Ruhsal dizilerin sağladığı olumlu tesirler nelerdir?
Psikoloji içerikli diziler, psikoterapiye dair yanılsamalara yol açtığı kadar insanların kendilerini ve geçmişlerini daha çok sorgulamalarına ve problemlerini ciddiye almalarına dair bir farkındalık oluşturduğu dikkati çekmektedir. Şahıslar dizileri izledikçe, “Geçmişimdeki olumsuz yaşantılar beni şu anda ne kadar etkiliyor?” sorusunu da kendine yöneltmeye başlamaktadır.

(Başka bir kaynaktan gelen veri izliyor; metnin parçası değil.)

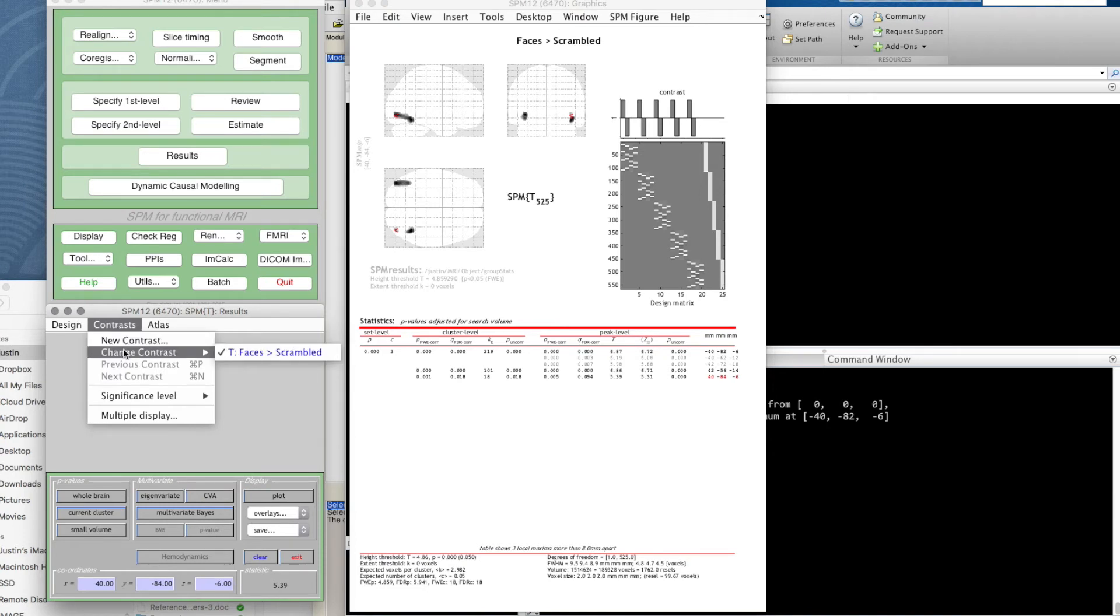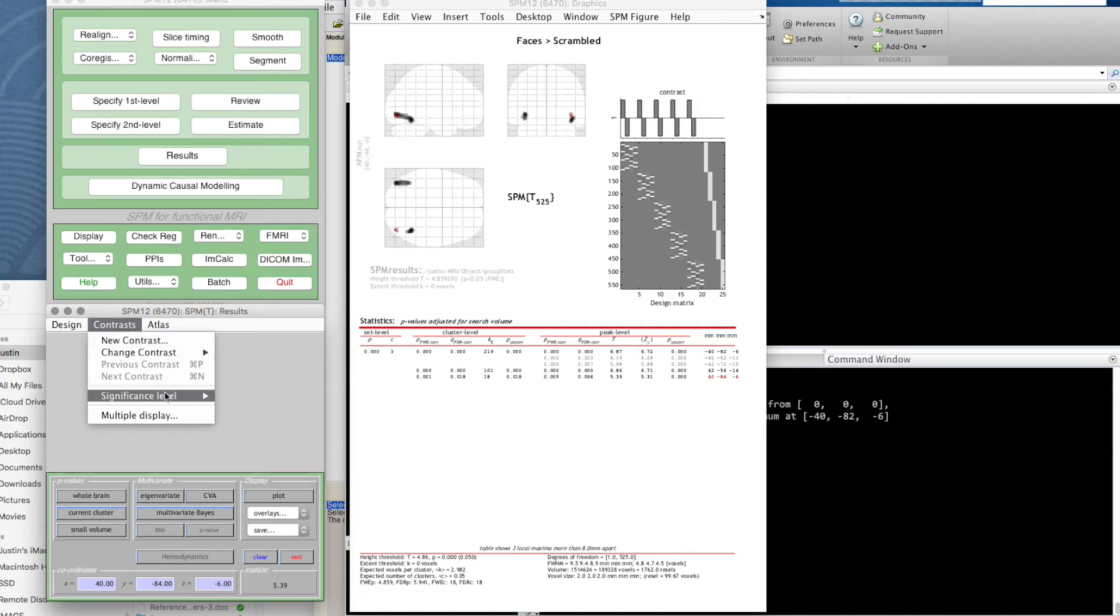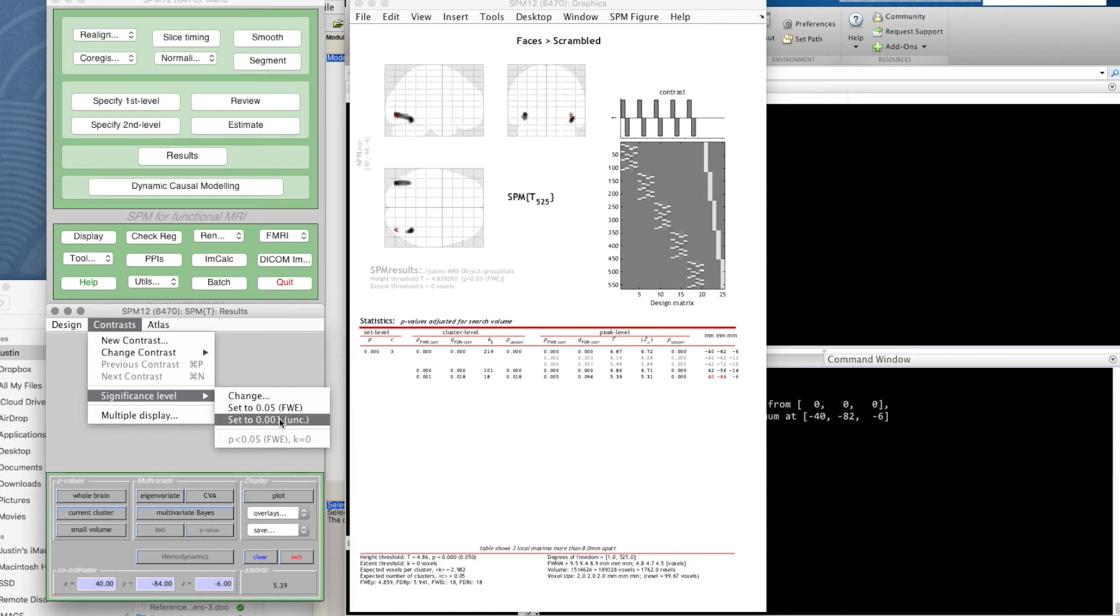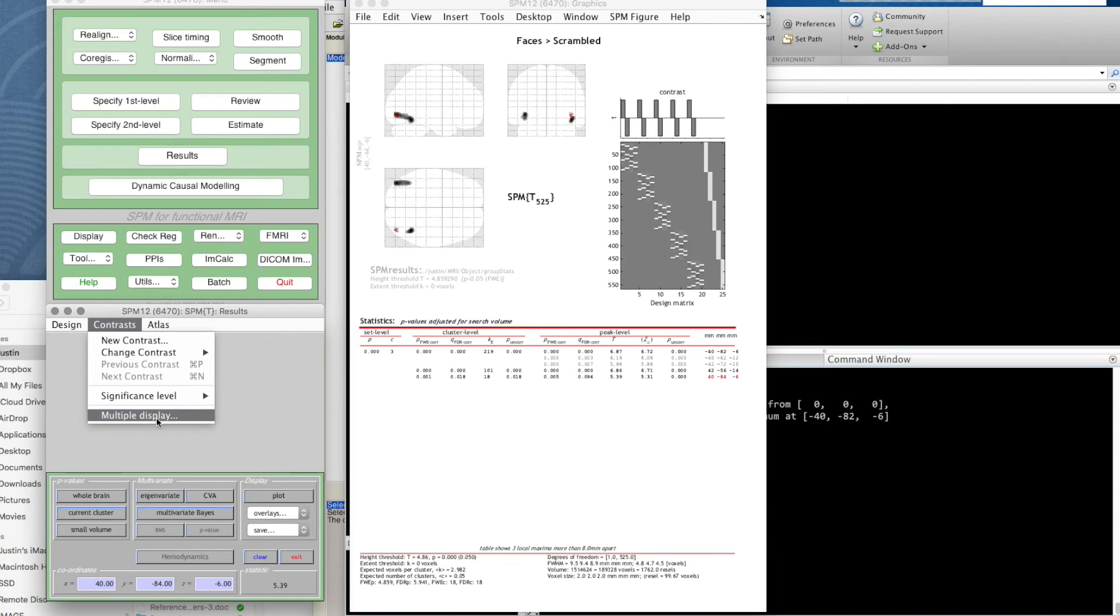For contrasts, we can change to different contrasts, which we don't have—we've only defined one so far—or create/define a new contrast, which we will do soon. We can change our significance level. You wouldn't often change it away from a corrected sensible threshold. Sometimes if there's a problem with data and it looks very messy, you change the threshold to something uncorrected just to see if when you change the threshold you get activation where you expect it, but you wouldn't normally do that.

Birebir vakitte, “psikoloğa gidersem bana mecnun derler, güçsüz olduğum düşünülür” halinde düşünen ve yardım almaktan çekinen şahıslara, bu durumun olağan olduğu konusunda da epeyce olumlu tesire sahiptir.
Sizce bu dizilerin olumsuz tesirleri de var mıdır?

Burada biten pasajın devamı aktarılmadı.